"Christmas was somewhere between happy and sad, where we all live, and between this world and the next."
My father kept the key to Christmas in four or five cardboard boxes in the cupboard under the stairs. What a ritual that was, pulling out those decorations and untangling the lights in front of the waiting tree. He was meticulous about testing them before hanging them up because each year one or two lights always refused to come on. It made them look a bit like a missing tooth he said.
So first he'd check them on the floor. He'd go from light to light slowly, one after another, looking for the broken ones like a penitent along a rosary.
I loved the little drama of seeing them turned on for the first time each Christmas. They instantly lit up the room with wild color and light.

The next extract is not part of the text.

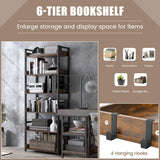 6-Tier Rustic Brown Bookshelf - Tall Stand with Open Display Shelves and 4 Hooks - Ideal Storage Solution for Home and Office Use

They said the holidays are coming. They spoke of presents and a turkey dinner. They spread real cheer.
In Donegal, where the sun falls precipitously out of the sky at four o'clock or even earlier in December, you're glad of anything that fights back against the enveloping darkness. For this reason, I liked to help him with the job.
Seasonal decorating fads came and went from year to year, and decade to decade, I recall. In the 1980s it became a thing to spray fake snow on all the window panes.
That was foul stuff that smelled like pine and strange chemicals and it never really settled on the damp cold windows of Donegal. Right away my father put his foot down and forbade their use in our house, making me feel like we were stuck in the olden days. I'd roll my eyes but he was adamant.
Then in the 1990s, menorahs inexplicably started popping up everywhere. Our neighbors, usually unaware they were actually celebrating Hanukkah, would place them in their windows, giving my father an indulgent laugh.
“Next year in Jerusalem,” he'd observe dryly, toasting me with a glass of sherry. People mystified him.
In the ‘80s I'd play all the new wave hits in the background as we worked together. Getting the tree level, getting the step ladder positioned, starting from the bottom and working our way up, it all took time.
In that era, the chart hits were still important to me, and I remember the Human League were at number one with “Don't You Want Me.” A few years later it was Band Aid's record-breaker “Do They Know It's Christmas?” We absolutely knew it was Christmas because that song was everywhere.
Eventually, my father would get tired of all the pop music and ask to hear the RTÉ evening news: shootings just up the road, bombs, hunger strikes, war in the Middle East. Then the weather forecast, which was only ever more rain or more snow.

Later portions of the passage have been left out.